**DIRECTIONS FOR THIS TASK:** Find the string "Gold" in the records and copy each line where it occurs.

*** Opening of SOURCE DATA ***

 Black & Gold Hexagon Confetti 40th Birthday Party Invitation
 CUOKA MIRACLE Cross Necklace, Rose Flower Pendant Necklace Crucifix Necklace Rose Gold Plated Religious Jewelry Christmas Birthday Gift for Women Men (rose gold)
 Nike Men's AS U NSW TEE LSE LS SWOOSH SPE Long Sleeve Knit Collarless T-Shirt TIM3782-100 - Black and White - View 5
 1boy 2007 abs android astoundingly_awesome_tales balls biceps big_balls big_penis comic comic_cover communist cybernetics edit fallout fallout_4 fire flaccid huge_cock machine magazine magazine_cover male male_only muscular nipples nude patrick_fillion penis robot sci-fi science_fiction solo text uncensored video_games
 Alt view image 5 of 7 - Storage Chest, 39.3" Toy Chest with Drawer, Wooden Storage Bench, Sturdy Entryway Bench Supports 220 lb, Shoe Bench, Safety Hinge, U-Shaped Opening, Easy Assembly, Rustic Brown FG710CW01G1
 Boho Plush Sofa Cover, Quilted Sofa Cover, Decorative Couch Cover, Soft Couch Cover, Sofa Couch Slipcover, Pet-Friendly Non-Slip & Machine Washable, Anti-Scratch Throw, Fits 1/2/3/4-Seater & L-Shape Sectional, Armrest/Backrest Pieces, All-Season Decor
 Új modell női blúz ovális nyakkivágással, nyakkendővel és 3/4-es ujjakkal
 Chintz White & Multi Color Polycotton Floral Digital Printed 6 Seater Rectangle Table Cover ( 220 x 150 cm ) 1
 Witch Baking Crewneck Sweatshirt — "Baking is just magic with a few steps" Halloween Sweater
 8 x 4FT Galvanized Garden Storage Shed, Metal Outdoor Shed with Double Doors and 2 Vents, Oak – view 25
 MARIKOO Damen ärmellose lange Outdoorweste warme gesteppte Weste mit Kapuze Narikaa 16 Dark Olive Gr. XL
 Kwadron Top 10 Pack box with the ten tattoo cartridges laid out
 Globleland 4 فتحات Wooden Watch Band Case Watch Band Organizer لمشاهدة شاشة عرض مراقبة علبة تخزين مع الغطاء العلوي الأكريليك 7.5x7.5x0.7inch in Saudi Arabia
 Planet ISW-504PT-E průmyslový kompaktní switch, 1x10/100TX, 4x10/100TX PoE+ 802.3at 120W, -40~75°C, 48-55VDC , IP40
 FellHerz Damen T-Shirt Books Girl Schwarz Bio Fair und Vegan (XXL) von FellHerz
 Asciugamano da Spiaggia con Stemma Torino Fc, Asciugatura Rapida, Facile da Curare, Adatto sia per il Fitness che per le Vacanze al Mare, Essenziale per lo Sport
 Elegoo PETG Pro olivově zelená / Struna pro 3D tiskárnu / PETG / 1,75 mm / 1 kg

*** Close of SOURCE DATA ***

**SOLUTION TO THE PROBLEM:**
 Black & Gold Hexagon Confetti 40th Birthday Party Invitation
 CUOKA MIRACLE Cross Necklace, Rose Flower Pendant Necklace Crucifix Necklace Rose Gold Plated Religious Jewelry Christmas Birthday Gift for Women Men (rose gold)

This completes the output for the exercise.